09.07.2025
Zwischen Inkluse und Lepra: Hochrheinkonferenz 2025 in St.Gallen
Die Hochrheinkonferenz 2025 brachte Vertreter:innen aus sozialen, kirchlichen und karitativen Institutionen rund um den Hochrhein im historischen Stiftsbezirk St.Gallen zusammen. Inspiriert vom heiligen Otmar und der heiligen Wiborada entstand ein Raum, um zentrale Fragen des sozialen Engagements neu zu bedenken: Welche Werte tragen uns in Zeiten des Wandels – und wie bleibt gelebte Fürsorge heute wirksam?
Impulse aus dem Weltkulturerbe für das karitative Handeln von heute...
Am 18. Juni 2025 fand in St.Gallen die diesjährige Hochrheinkonferenz der Caritas-Organisationen rund um den Hochrhein statt – ausgerichtet von Caritas St.Gallen-Appenzell. Rund 20 Gäste aus dem Elsass, Baden-Württemberg, Vorarlberg, Liechtenstein und der Deutschschweiz nahmen teil, um sich gemeinsam mit der Frage auseinanderzusetzen: Was trägt unser karitatives Engagement in Zeiten gesellschaftlicher Umbrüche?
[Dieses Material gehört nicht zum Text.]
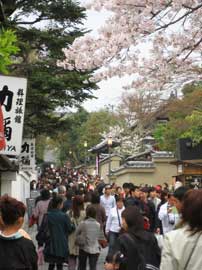 京都の桜名所
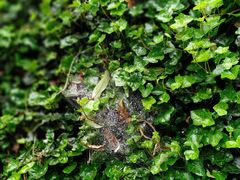 -三清山希尔顿度假酒店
Und welche kulturellen Wurzeln nähren unser Handeln heute?
Den idealen Resonanzraum dafür bot der UNESCO-Weltkulturerbe-Stiftsbezirk St.Gallen – ein Ort gelebter geistiger, kultureller und sozialer Geschichte.
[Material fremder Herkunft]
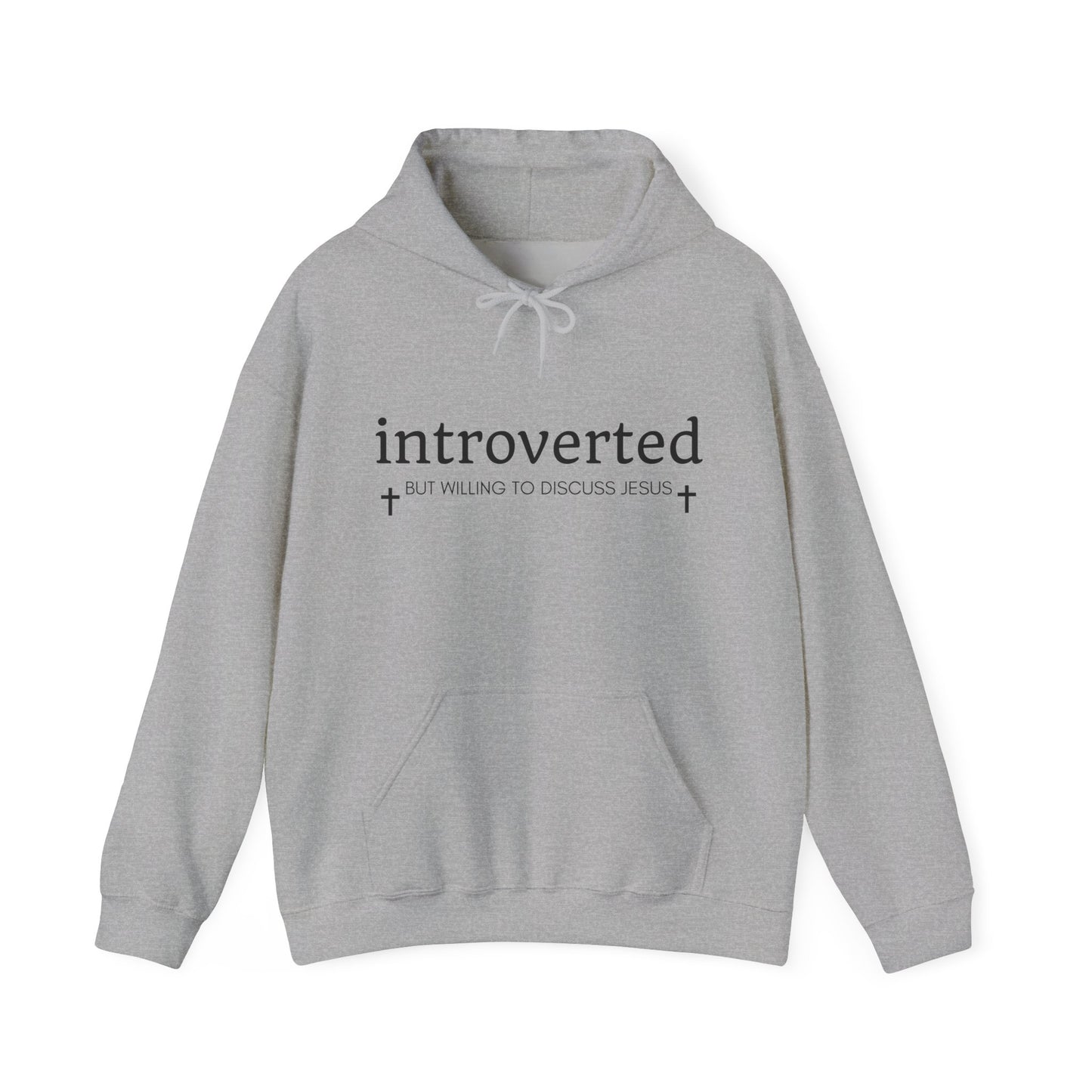 Introverted but Willing to Discuss Jesus Hoodie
Pastoralamtsleiter Franz Kreissl spannte entlang biografischer Etappen des heiligen Otmar den Bogen zur Gegenwart und nannte wesentliche Punkte auch heutigen sozialen Engagements: Zuhören und auf Not einlassen, Brücken bauen, Konsequenzen tragen.
Stiftsbibliothekar Cornel Dora bettete Otmar in seinen historischen und gesellschaftlichen Kontext ein – und stellte uns vor die Frage nach den „unverhandelbaren Werten“ unserer Gegenwart. Seine Ausführungen zu Otmars Leprosorium und den klösterlichen Fürsorgeeinrichtungen machten eines deutlich. Ein nostalgisches Lamento auf eine traditionsvergessene Gegenwart wird dem christlichen Erbe nicht gerecht. Ohne konkretes Handeln im Sinne einer entgrenzenden christlichen Ethik in persönlicher Zuwendung und Sorge verbleiben wir hinter dem biblischen Anspruch zurück: «Was ihr einem dieser Geringsten getan habt, das habt ihr mir getan.»
Mit feiner Gestaltungskraft ermöglichte Stiftsbibliothek-Museumsleiterin Elke Larcher zur Mittagszeit einen Raum der Resonanz, in dem sorgfältig ausgewählte Texte zu eigenem Weiterdenken über unsere Zeit anregten. Das benediktinische Mittagessen mit Tischlesung bildete den ruhigen Mittelpunkt des vielfältigen Tagesprogramms. Nachmittags begeisterte die Theologin und Seelsorgerin Hildegard Aepli durch ihre leidenschaftliche Vorstellung, wie in den letzten Jahren in der Stadt St.Gallen Schritt um Schritt der Schatz im Erbe der heiligen Wiborada gehoben wird. Es war ein begehbares und greifbares Beispiel dafür, wie Tradition kritisch, lebendig und kreativ zugleich weitergetragen werden kann. Und wie vormittags stand im Zentrum das Leben einer Person, die durch gesellschaftliche Umstände und Gesetzmässigkeiten an den Rand gedrängt wird.
Was brachte den Caritas-Mitarbeitenden dieses Eintauchen in die so fern scheinende Historie? Wider Erwarten, aber bei genauerem Hinschauen naheliegend. Das Engagement für Menschen an diesen vermeintlichen Rändern unserer Lebenswelten braucht es auch heute mehr denn je.